Despite the comparatively lower level of detail, this hepatobiliary model has good anatomical fidelity. However, the same cannot be said about its ability to replicate the tissue itself. Despite using state of the art printing methods, the final output from the STL file is printed in multi-colour rigid plastic. Therefore, this model would not be suitable for surgical training requiring dissection, cutting and suturing, and does not give students an appreciation of the texture, density and pliability of human tissue. Constructing models upon which practical training can be done has been well received in endoscopic training,29 and should be a target for future developments to this model.
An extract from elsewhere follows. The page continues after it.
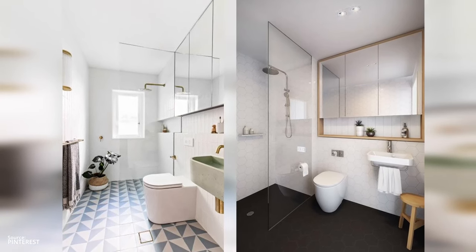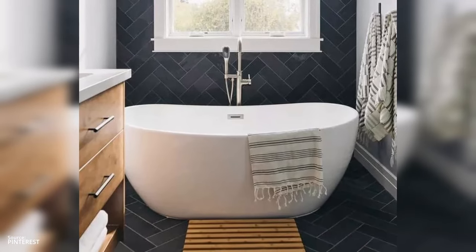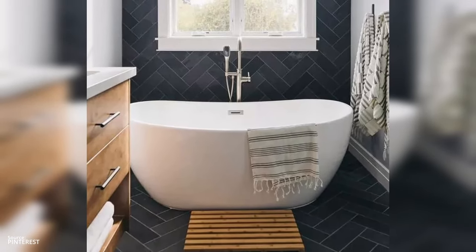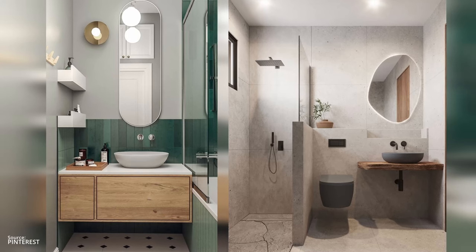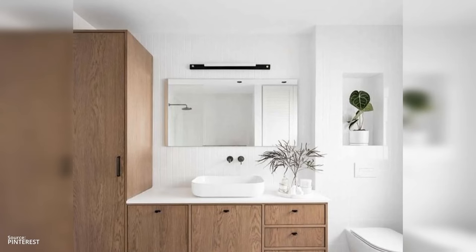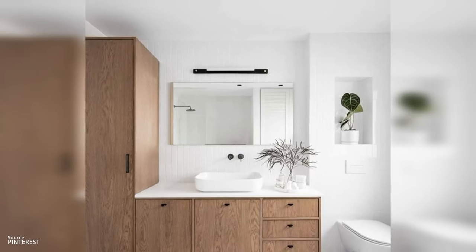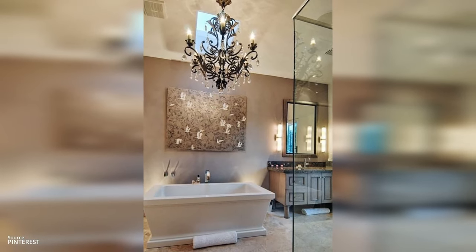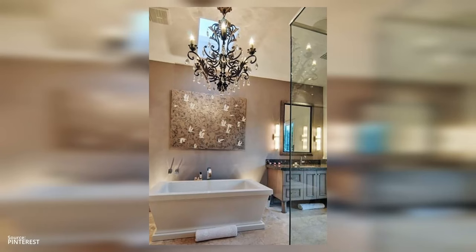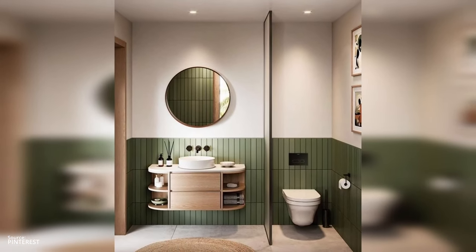One solution: choose one feature to be your star — maybe it's a vintage vanity or a freestanding tub — and let everything else support that one thing. Solution two: neutral colors for the rest of your space can make your focal point pop; think of your walls and floors as the backdrop that allows your chosen feature to shine. Solution three: lighting is like the spotlight on your bathroom stage — use it to highlight your focal point, drawing the eye and setting the mood.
Bioprinting is an emerging field that seeks to 3D print whole functioning organs.30 While this would clearly be beyond the function necessary to teach anatomy at any level, the middle ground of a material found between this dream and our current reality would seem perfect.
Future perspective
This study is among the first of a series in which we will document the newly formed Oxford Library of Anatomy. When completed this will be a repository of a comprehensive selection of some of the most complex anatomical structures. As barriers to entry regarding in-house 3D printing continue to fall, it is hoped that medical students and schools around the world with access to 3D printing technology will be able to download and print the required models from our library. We hope to develop a new generation of 3D models that incorporate haptic technology such that a student will be presented with information (audially or visually) about different parts of the model as they lay their hands on lay their hands on it.
Conclusion
Here we give a methodology for printing a model of the hepatobiliary system to be used as an adjunct to cadaveric teaching. This printed model offers a tangible alternative to traditional cadaveric teaching while offering benefits over and above traditional plastic models. We will proceed with a study comparing the learning outcomes of medical students and core surgical trainees studying the hepatobiliary system anatomy for their respective exams using conventional methods with and without the addition of a 3D printed model.